Re: [PATCH] sched/pelt: Fix task util_est update filtering

From: Dietmar Eggemann
Date: Fri Feb 19 2021 - 05:20:21 EST


On 16/02/2021 17:39, vincent.donnefort@xxxxxxx wrote:
> From: Vincent Donnefort <vincent.donnefort@xxxxxxx>
>
> Being called for each dequeue, util_est reduces the number of its updates
> by filtering out when the EWMA signal is different from the task util_avg
> by less than 1%. It is a problem for a sudden util_avg ramp-up. Due to the
> decay from a previous high util_avg, EWMA might now be close enough to
> the new util_avg. No update would then happen while it would leave
> ue.enqueued with an out-of-date value.

(1) enqueued[x-1] < ewma[x-1]

(2) diff(enqueued[x], ewma[x]) < 1024/100 && enqueued[x] < ewma[x] (*)

with ewma[x-1] == ewma[x]

(*) enqueued[x] must still be less than ewma[x] w/ default
UTIL_EST_FASTUP. Otherwise we would already 'goto done' (write the new
util_est) via the previous if condition.

>
> Taking into consideration the two util_est members, EWMA and enqueued for
> the filtering, ensures, for both, an up-to-date value.
>
> This is for now an issue only for the trace probe that might return the
> stale value. Functional-wise, it isn't (yet) a problem, as the value is
> always accessed through max(enqueued, ewma).

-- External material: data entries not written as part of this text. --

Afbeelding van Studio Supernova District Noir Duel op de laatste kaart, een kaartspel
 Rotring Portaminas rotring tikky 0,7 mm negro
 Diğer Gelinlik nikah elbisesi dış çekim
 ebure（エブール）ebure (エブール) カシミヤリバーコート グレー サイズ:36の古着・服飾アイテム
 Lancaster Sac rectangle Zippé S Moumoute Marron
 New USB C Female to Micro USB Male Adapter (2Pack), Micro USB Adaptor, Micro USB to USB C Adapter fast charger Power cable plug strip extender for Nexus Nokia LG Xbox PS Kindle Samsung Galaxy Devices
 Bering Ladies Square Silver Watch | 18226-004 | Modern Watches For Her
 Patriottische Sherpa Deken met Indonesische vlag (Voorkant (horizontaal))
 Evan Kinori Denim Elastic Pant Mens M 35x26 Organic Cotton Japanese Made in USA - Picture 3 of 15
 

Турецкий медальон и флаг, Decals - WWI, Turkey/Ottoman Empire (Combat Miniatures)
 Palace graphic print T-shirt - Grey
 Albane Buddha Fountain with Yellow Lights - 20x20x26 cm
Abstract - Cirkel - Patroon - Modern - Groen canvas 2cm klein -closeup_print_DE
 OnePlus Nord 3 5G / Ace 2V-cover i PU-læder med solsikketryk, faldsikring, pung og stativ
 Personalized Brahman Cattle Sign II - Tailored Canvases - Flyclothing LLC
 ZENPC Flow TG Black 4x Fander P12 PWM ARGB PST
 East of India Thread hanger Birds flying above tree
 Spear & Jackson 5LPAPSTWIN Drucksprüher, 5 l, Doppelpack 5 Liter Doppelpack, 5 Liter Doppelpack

Yeah, I remember that the ue.enqueued plots looked weird in these
sections with stale ue.enqueued values.

> This problem has been observed using LISA's UtilConvergence:test_means on
> the sd845c board.

I ran the test a couple of times on my juno board and I never hit this
path (util_est_within_margin(last_ewma_diff) &&
!util_est_within_margin(last_enqueued_diff)) for a test task.

I can't see how this issue can be board specific? Does it happen
reliably on sd845c or is it just that it happens very, very occasionally?

I saw it a couple of times but always with a (non-test) tasks migrating
from one CPU to another.

> Signed-off-by: Vincent Donnefort <vincent.donnefort@xxxxxxx>

Reviewed-by: Dietmar Eggemann <dietmar.eggemann@xxxxxxx>

[...]